Enrique
Serna publicó recién en Letras Libres
un texto estremecedor titulado “Explotación
del consumidor”. Pese a su brevedad, puedo considerarlo ya el último clavo
que pongo en el ataúd de mi relación con el consumo. No quiero decir (no estoy
loco) que dejaré de comprar todo cuanto habita en la publicidad y los
aparadores, pero sí que radicalizaré mi ya de por sí severa relación con muchos
productos y servicios que constituyen en México una forma torrencial de
ganancias para muchos delincuentes famosos por su respetabilidad.
“La
explotación del consumidor es un fenómeno mundial, pero en países con altos
índices de impunidad, como nuestra suave patria, está cobrando visos de
pesadilla. Teléfonos de México, por ejemplo, acumula enormes botines con los
cobros de servicios no solicitados por su clientela”, dice Serna, y en seguida
pasa a reseñar algunos de esos casi invisibles cobros que los bancos y otras
empresas encajan a los clientes y terminan siendo verdaderas alfaguaras de
riqueza.
En
un país como el nuestro, arrasado por la susodicha impunidad, es pan diario ser
asaltado sin violencia.

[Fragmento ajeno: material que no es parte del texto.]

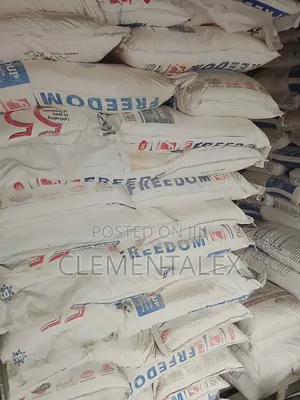 Calcium Carbonate 50kg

De a pesito en pesito, los tiburones de innumerables
empresas hincan los colmillos en la clientela, y cuando algo puede ser regulado
sucede que los dueños del balón —los bancos son expertos en esto— hacen el lobby que no puede hacer la ciudadanía
representada por legisladores entreguistas, fácilmente comprables.
Mi
deseo, pues, es no firmar más contratos, sacar la vuelta a la letra chiquita
como si tuviera peste negra, y comprar sólo lo estrictamente necesario. Y más
allá de los contratos, es irritante saber, por ejemplo, que unas palomitas
grandes en el cine cuestan más de cincuenta pesos y en la vida real no
costarían ni cinco, o que una camisa valga dos mil pesos sólo porque ostenta la
estupidez de una marca, o que un coche nuevo se deprecie 30% cuando se recibe
la factura, antes incluso de conducirlo por primera vez.
Aun
radicalzado, sin embargo, es imposible escapar del abuso. Hace poco un joven
grabó el robo del que fue víctima en una gasolinera: pidió tanque lleno y le
surtieron 56 litros; luego, manual en mano, demostró que a su coche sólo le
cabían 46, diez menos. Fue un caso de agandalle extremo, pero si lo hubieran
esquilmado con medio litrito no lo habría notado, dejaba la ganancia extra y
fin. Así nos merman con el gas, la luz, todo, en este país patasparriba.